Can you take iron bisglycinate with food or coffee?
Iron bisglycinate is best taken on an empty stomach for maximum absorption, but its PEPT-1-mediated uptake makes it more resistant to food-based inhibitors (phytates, polyphenols, calcium) than ionic iron salts, so taking it with a light meal is acceptable if stomach sensitivity is a concern. Coffee and black tea contain polyphenols that can reduce iron absorption regardless of form, so separating iron supplementation from these beverages by at least one hour is advisable; dairy and calcium-rich foods should similarly be spaced 1–2 hours apart.
How does iron bisglycinate compare to other chelated iron forms like iron glycinate or iron malate?
Iron bisglycinate (ferrous bisglycinate) is a specific chelate where iron is bound to two glycine amino acids, creating a stable complex that is absorbed via amino acid transporters in the intestine. While other chelated forms like iron glycinate or iron malate also improve absorption over inorganic salts, iron bisglycinate has the most robust clinical evidence base, with meta-analyses demonstrating superior hemoglobin correction rates (0.54 g/dL increase) across 17 randomized controlled trials. The bisglycinate structure provides an optimal balance of stability and bioavailability compared to single-amino-acid chelates.
Who is most likely to benefit from iron bisglycinate supplementation?
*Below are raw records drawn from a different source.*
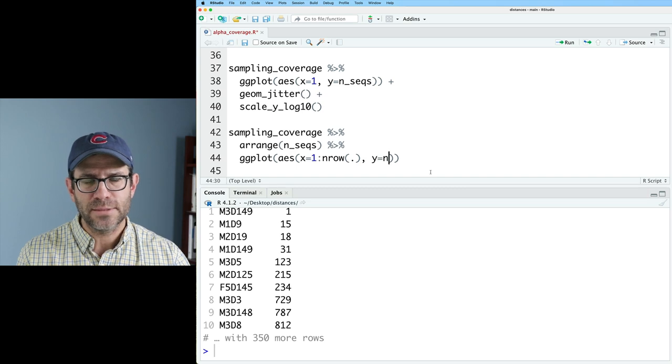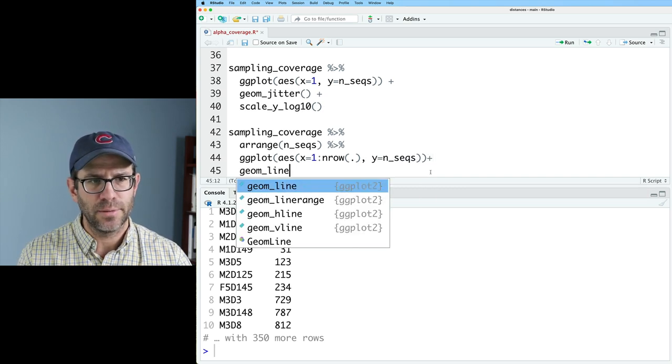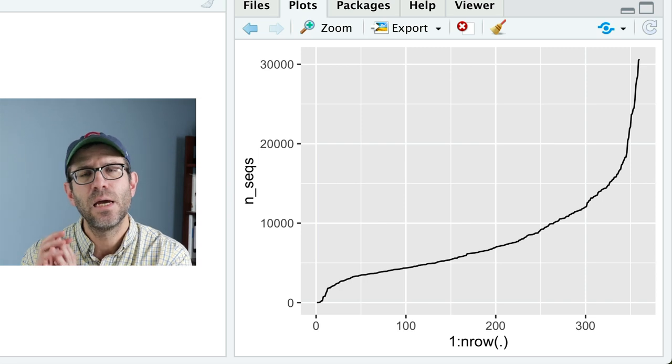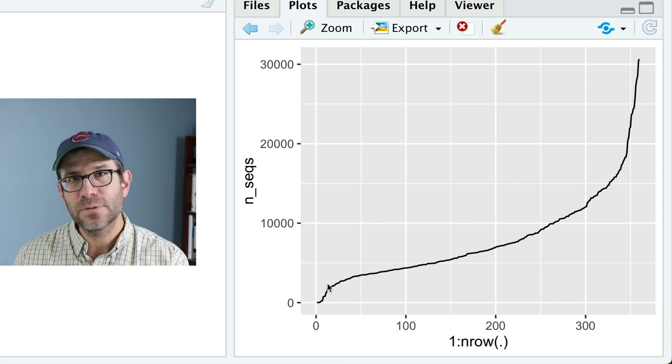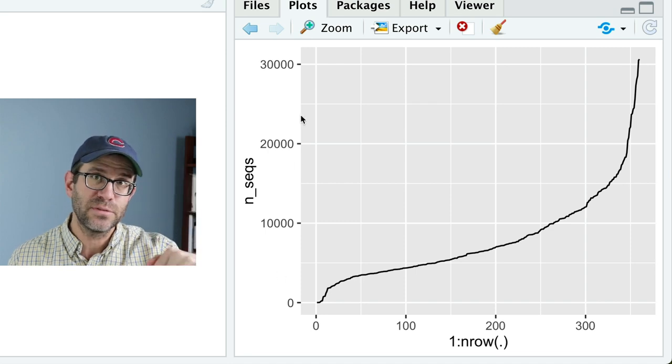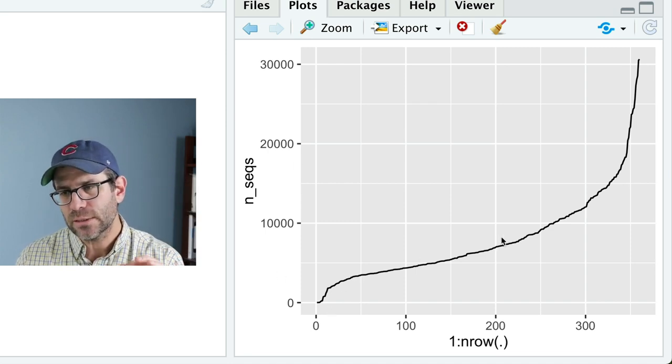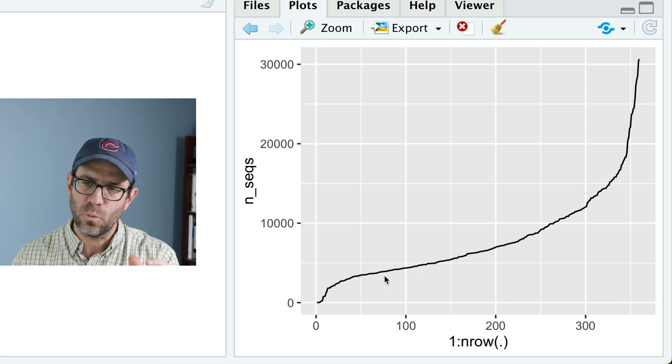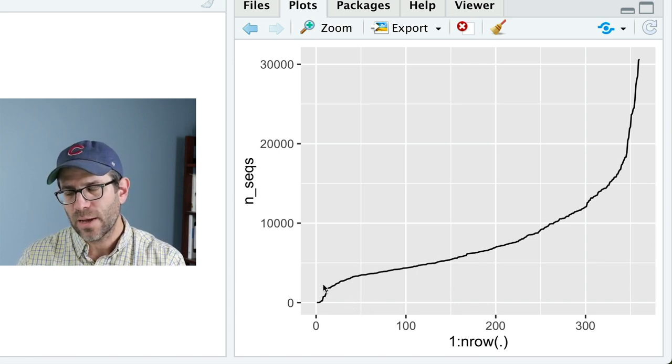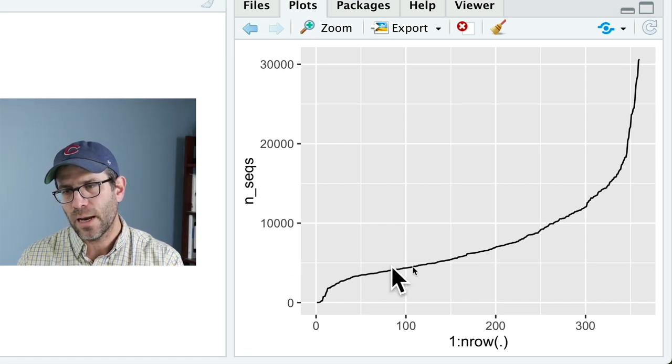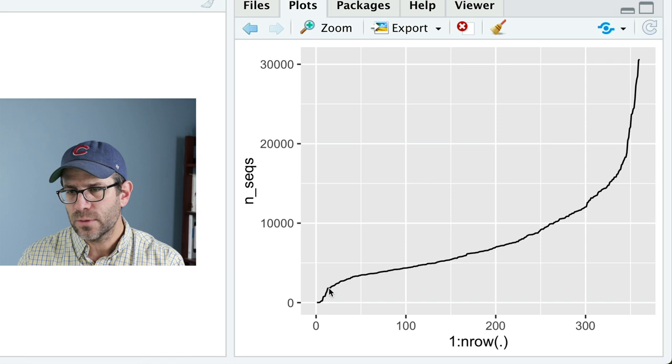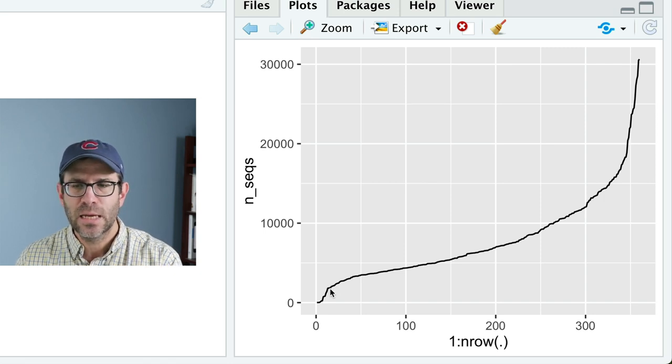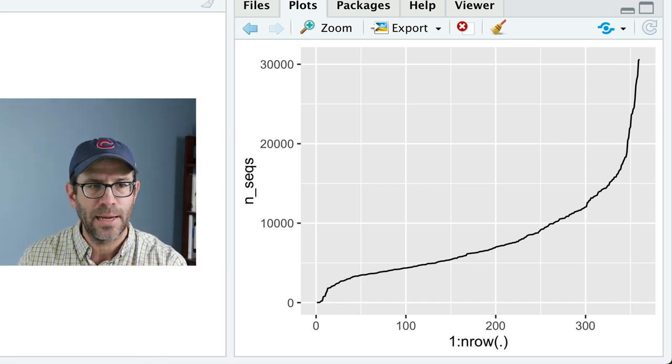And on the y-axis, I'll put nseqs, and I'll do geom line. And so we now see in this plot, the number of samples that I have on the x-axis and the number of sequences in each of those samples. And so you can look at this curve and see kind of where most of the samples lie. And so I'm feeling like right at this minor grid line, it's about 5,000. And right around here, whatever that shoulder is, is probably right around where I want to make my cut.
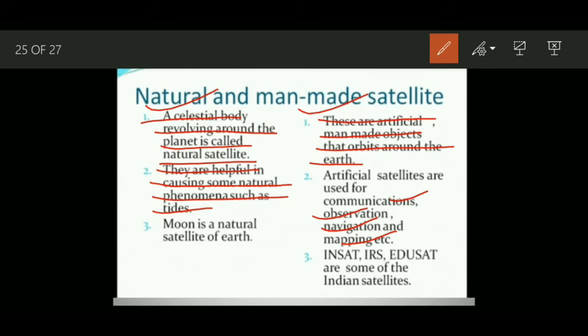There are many Indian satellites sent into space. A few important ones are INSAT, IRS, and EDUSAT. These are artificial or man-made satellites sent to space by Indian scientists.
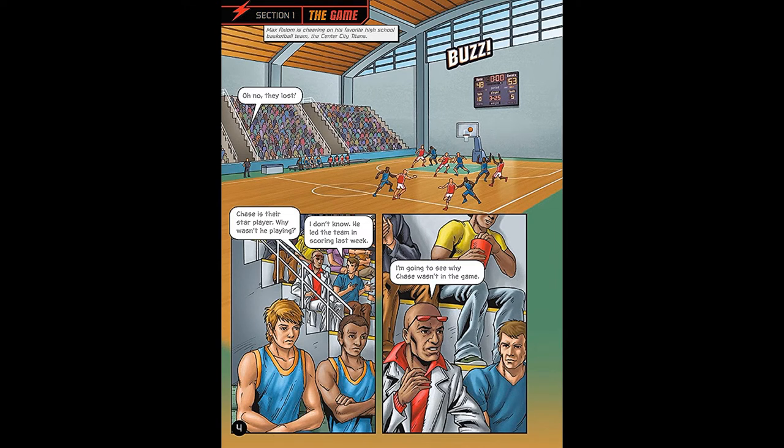Section 1: The Game. Max Axiom is cheering on his favorite high school basketball team, the Center City Titans.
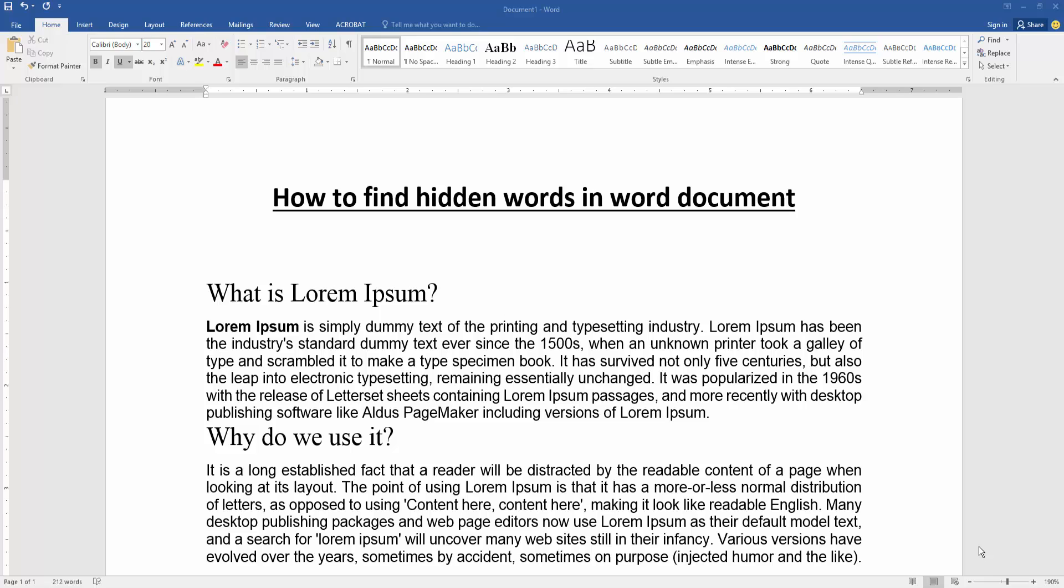At first we have to open a Word document and take some paragraphs. Now we want to find hidden words in this paragraph.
Iron bisglycinate is most beneficial for individuals with diagnosed iron deficiency anemia, chronic iron malabsorption (celiac disease, inflammatory bowel disease), vegans/vegetarians with inadequate heme iron intake, and those who have experienced GI side effects from conventional ferrous sulfate. Women of childbearing age with heavy menstrual bleeding and individuals undergoing cancer chemotherapy or dialysis also commonly benefit from this form. Healthcare providers should confirm iron deficiency through serum ferritin and TIBC testing before recommending supplementation, as excess iron can cause oxidative damage in those with adequate iron stores.
What clinical evidence supports the effectiveness of iron bisglycinate for correcting anemia?
A systematic review and meta-analysis of 17 randomized controlled trials demonstrated that iron bisglycinate supplementation produces a statistically significant hemoglobin increase of approximately 0.54 g/dL compared to control groups and alternative iron formulations. These studies collectively enrolled thousands of participants and tracked hemoglobin restoration over 8–12 week treatment periods, confirming iron bisglycinate's efficacy in replenishing iron stores and supporting erythrocyte hemoglobin synthesis. The consistency of results across multiple independent trials provides moderate-to-strong evidence for its use as a first-line chelated iron supplement for IDA correction.